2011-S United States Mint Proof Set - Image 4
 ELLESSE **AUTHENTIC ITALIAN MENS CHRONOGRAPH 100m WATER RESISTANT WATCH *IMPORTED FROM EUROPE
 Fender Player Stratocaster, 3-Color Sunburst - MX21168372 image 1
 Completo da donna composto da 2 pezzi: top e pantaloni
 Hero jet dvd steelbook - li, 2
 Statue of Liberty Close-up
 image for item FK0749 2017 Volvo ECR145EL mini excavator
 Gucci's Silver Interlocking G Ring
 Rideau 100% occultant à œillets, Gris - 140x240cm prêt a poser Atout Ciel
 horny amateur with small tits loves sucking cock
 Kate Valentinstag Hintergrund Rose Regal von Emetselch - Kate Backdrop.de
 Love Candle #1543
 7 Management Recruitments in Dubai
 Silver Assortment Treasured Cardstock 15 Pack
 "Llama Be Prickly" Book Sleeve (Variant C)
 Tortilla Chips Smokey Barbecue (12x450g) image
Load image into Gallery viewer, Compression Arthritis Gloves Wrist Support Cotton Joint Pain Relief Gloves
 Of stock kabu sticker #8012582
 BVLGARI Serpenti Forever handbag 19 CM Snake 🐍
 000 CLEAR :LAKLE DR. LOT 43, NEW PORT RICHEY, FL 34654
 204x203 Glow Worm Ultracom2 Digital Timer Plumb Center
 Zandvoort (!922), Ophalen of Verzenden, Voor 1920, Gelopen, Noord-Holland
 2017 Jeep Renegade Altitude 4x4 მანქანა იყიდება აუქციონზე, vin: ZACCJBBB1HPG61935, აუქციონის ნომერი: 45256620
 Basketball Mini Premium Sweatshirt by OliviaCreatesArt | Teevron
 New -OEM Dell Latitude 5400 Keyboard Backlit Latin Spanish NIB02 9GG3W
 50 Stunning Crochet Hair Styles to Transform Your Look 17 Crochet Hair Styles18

## ASSIGNMENT
The answer should consist of all lines from the records above that hold the word "Silver".

## TASK RESPONSE
 Gucci's Silver Interlocking G Ring
 Silver Assortment Treasured Cardstock 15 Pack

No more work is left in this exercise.